→ **DATA FOR ANALYSIS**
---
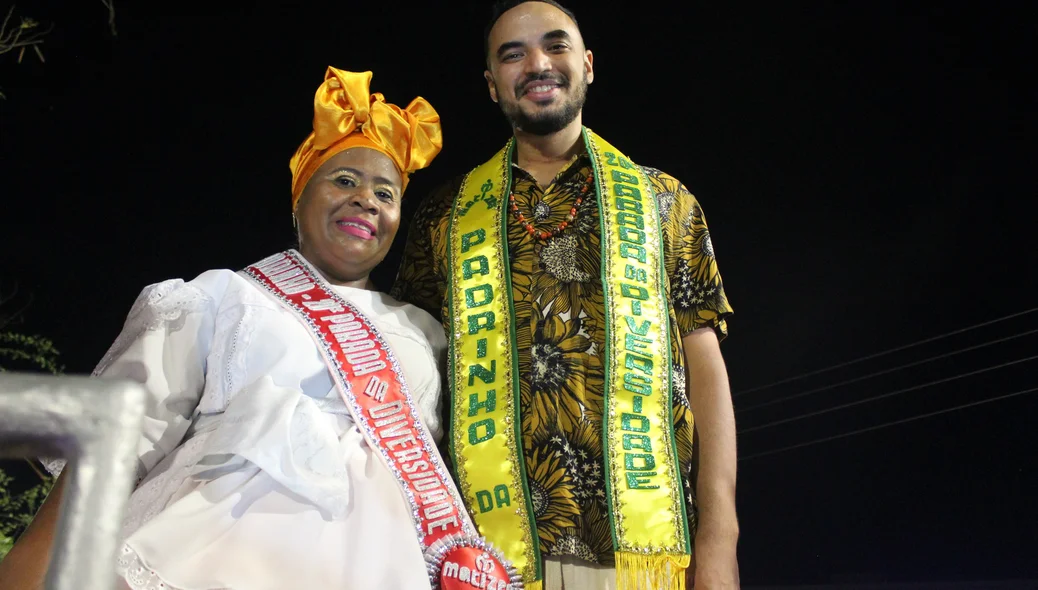 Padrinhos da 20ª Parada da Diversidade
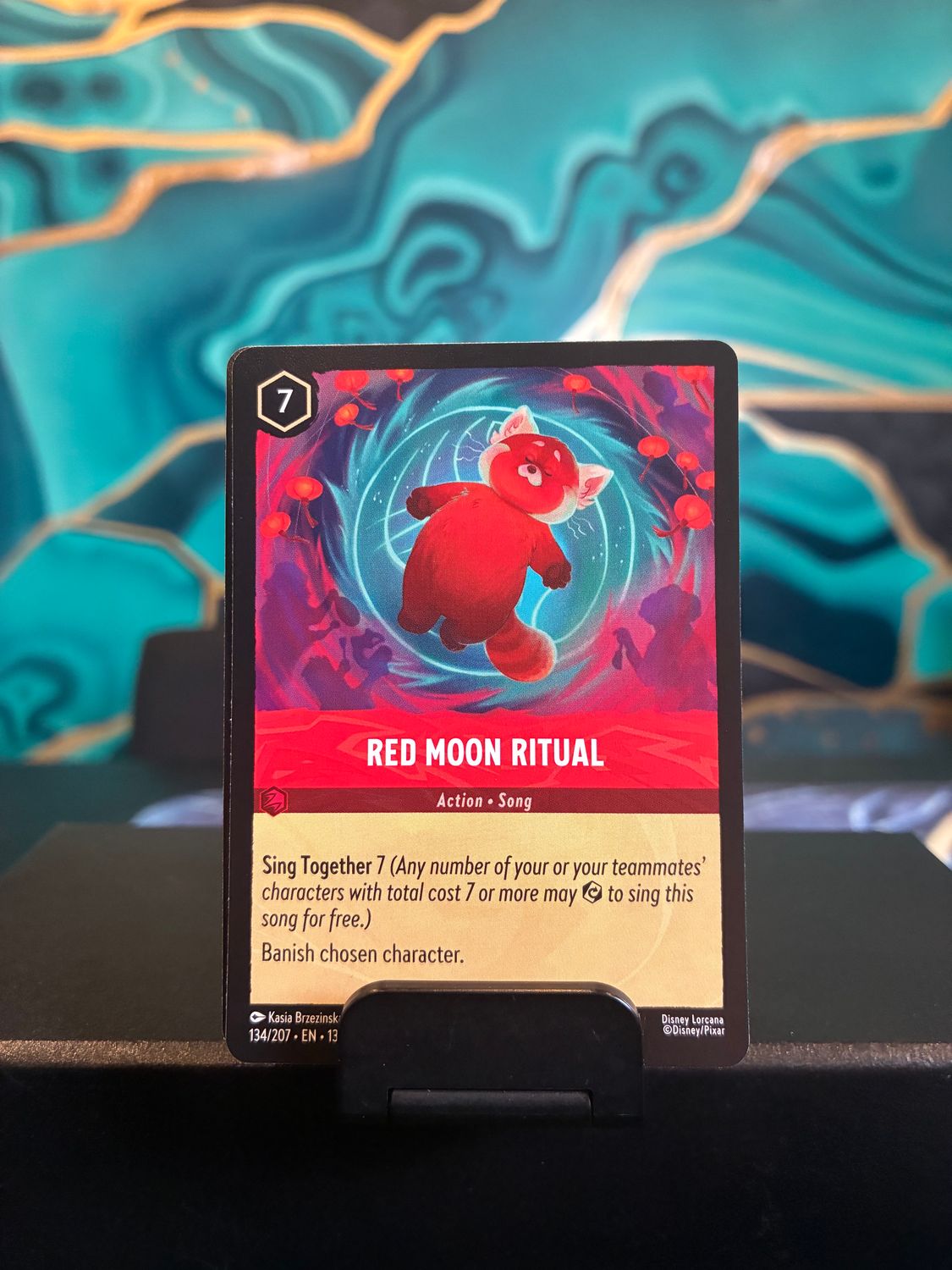 Red Moon Ritual  134/207 (AOV)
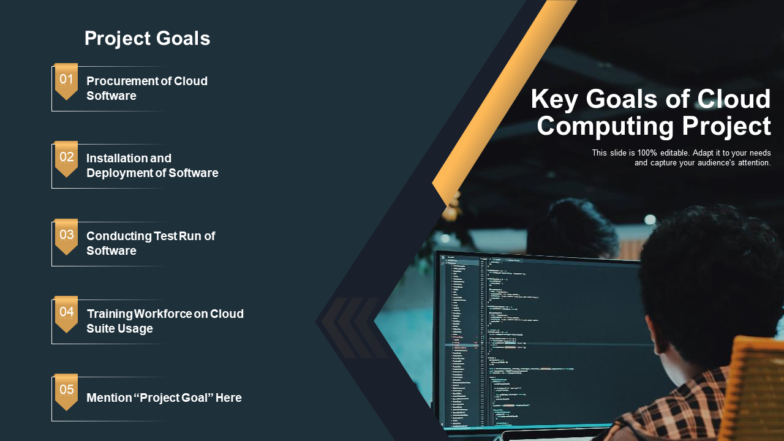 Key Goals Of Cloud Computing Project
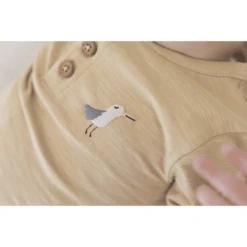 Feetje Beach Days Shirt Met Lange Mouwen Sand Melange -Kleintje Luxe feetje beach days shirt met lange mouwen sand melange a411704 4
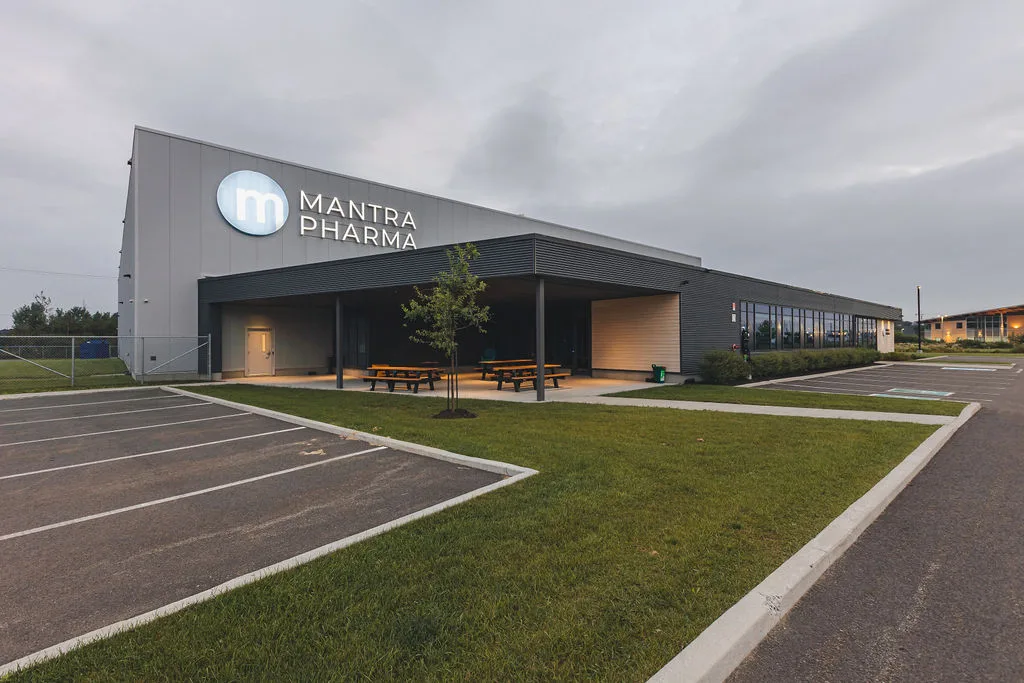 Parcs industriels | Extérieur de l'entreprise Mantra Pharma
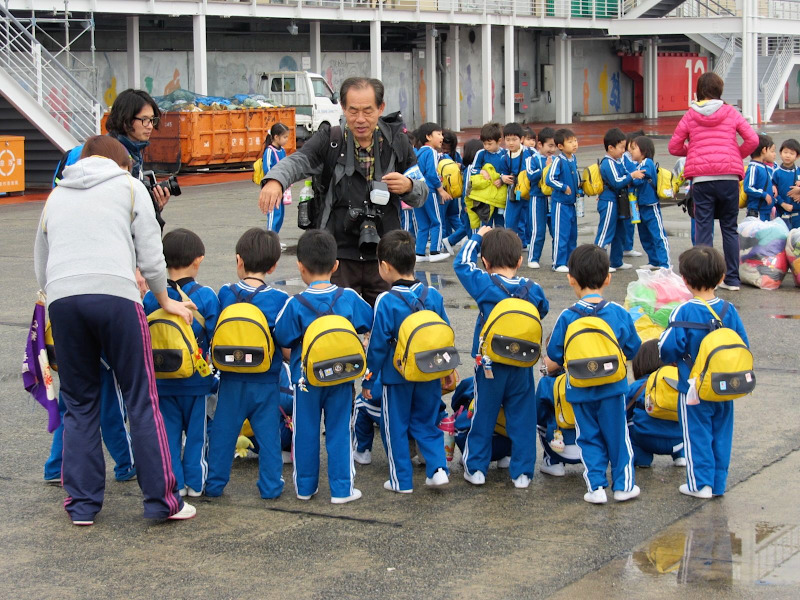 School Kids in Osaka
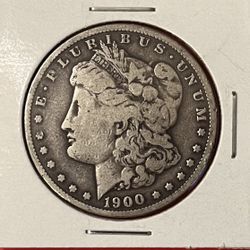 1900-O MORGAN 90% SILVER $1 DOLLAR COIN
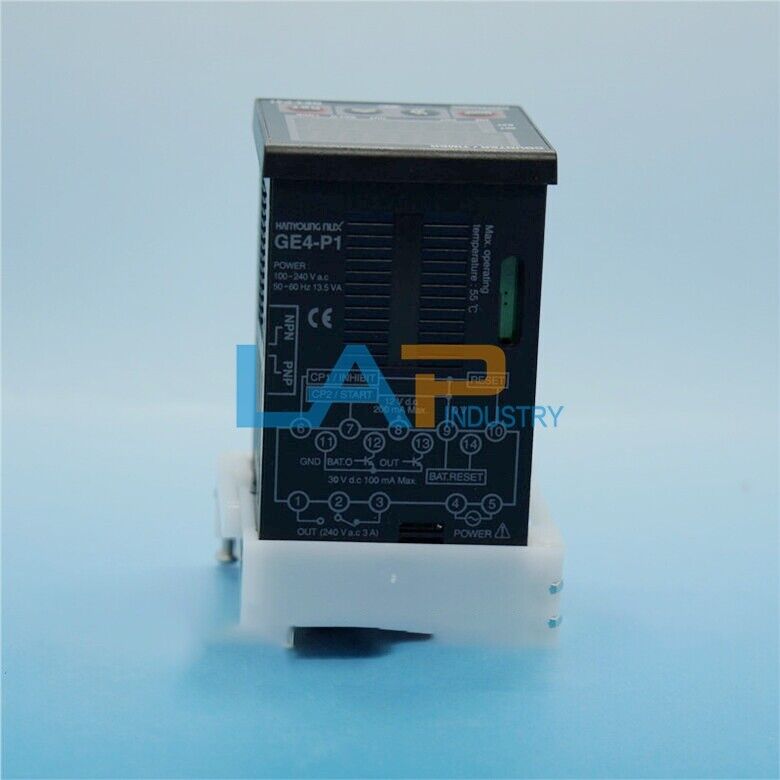 HANYOUNG NUX GE4-P41A Electronic Timing Counter 100-240VAC - HANYONG NUX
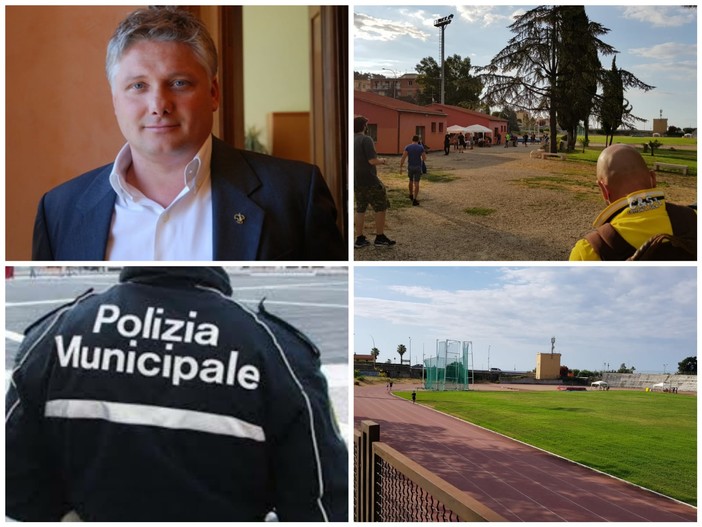 Imperia, al via con le prove fisiche il concorso per l'assunzione di 4 agenti della polizia municipale. Su 180 domande "solo" 70 i candidati presentati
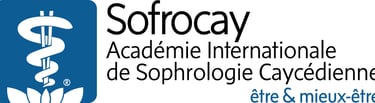 logo SOFROCAY académie internationale de sophrologie caycédienne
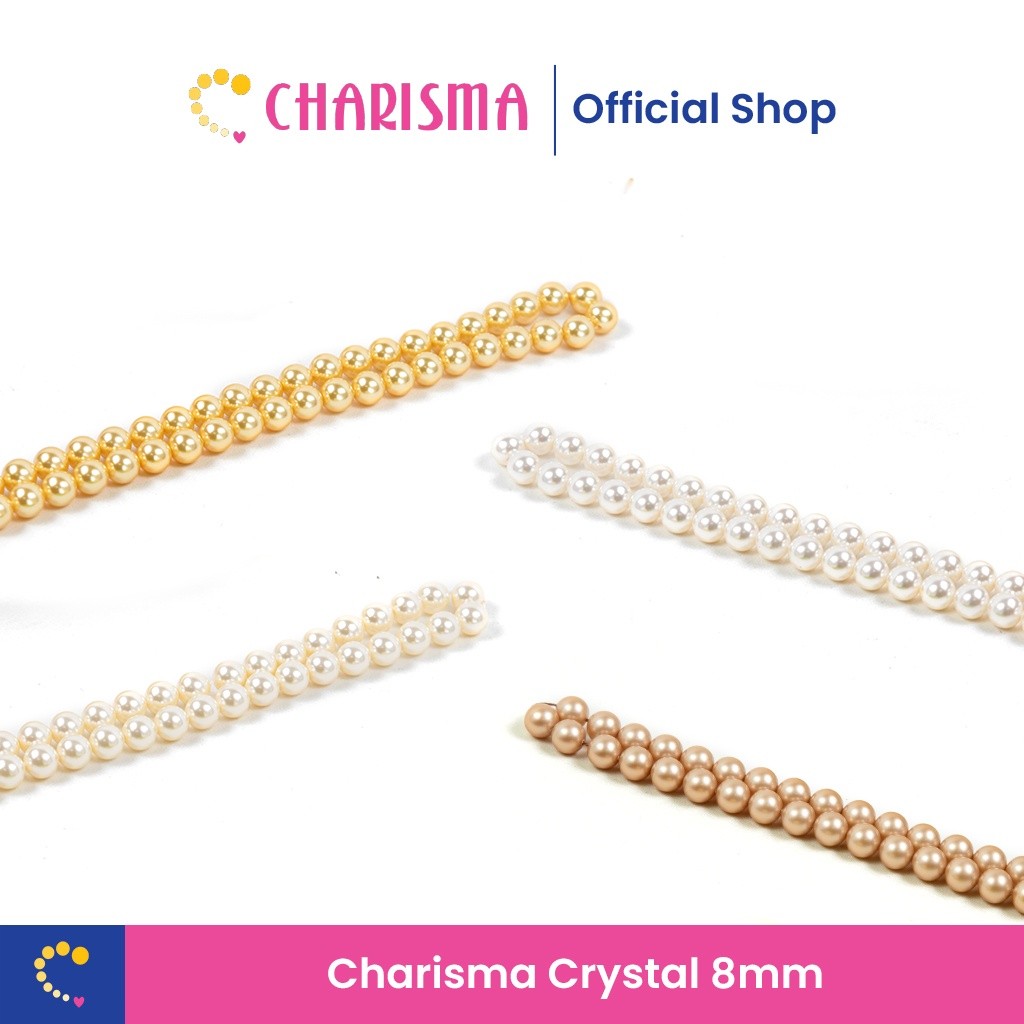 Charisma Swarovski Pearl 5810 - Kristal Mutiara 5810 Original 8 mm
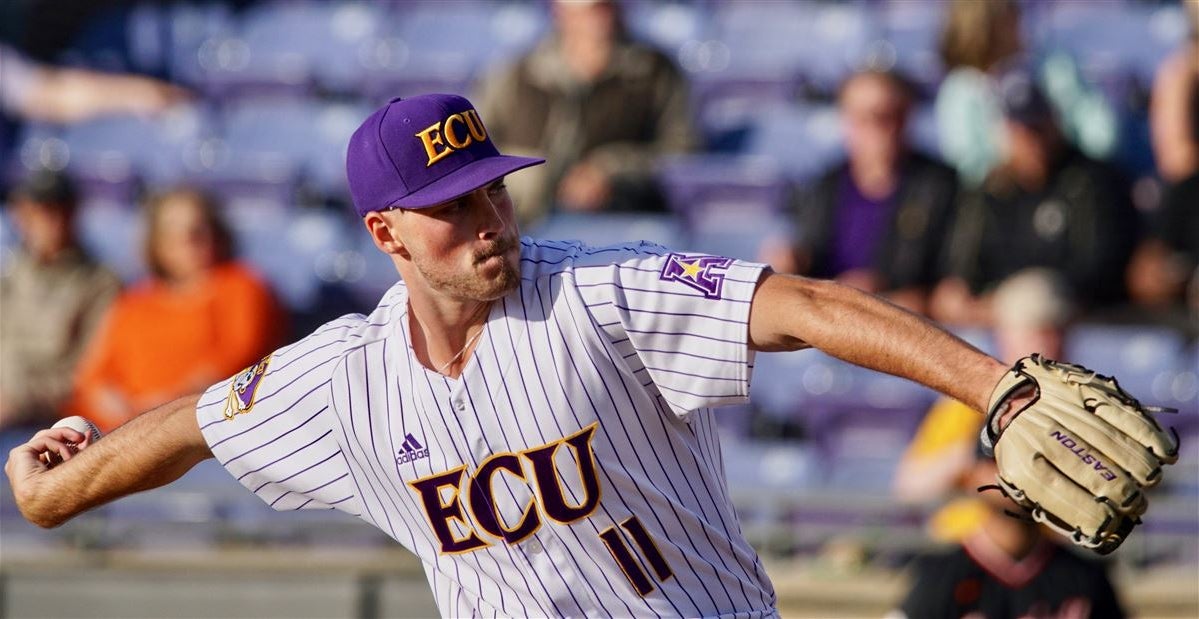 ECU in the College Baseball Projected Field of 64 May 15th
---
→ **TASK BRIEF**
Print every entry verbatim and leave all pictures out.

→ **EXERCISE SOLUTION**
 Padrinhos da 20ª Parada da Diversidade
 Red Moon Ritual  134/207 (AOV)
 Key Goals Of Cloud Computing Project
 Feetje Beach Days Shirt Met Lange Mouwen Sand Melange -Kleintje Luxe feetje beach days shirt met lange mouwen sand melange a411704 4
 Parcs industriels | Extérieur de l'entreprise Mantra Pharma
 School Kids in Osaka
 1900-O MORGAN 90% SILVER $1 DOLLAR COIN
 HANYOUNG NUX GE4-P41A Electronic Timing Counter 100-240VAC - HANYONG NUX
 Imperia, al via con le prove fisiche il concorso per l'assunzione di 4 agenti della polizia municipale. Su 180 domande "solo" 70 i candidati presentati
 logo SOFROCAY académie internationale de sophrologie caycédienne
 Charisma Swarovski Pearl 5810 - Kristal Mutiara 5810 Original 8 mm
 ECU in the College Baseball Projected Field of 64 May 15th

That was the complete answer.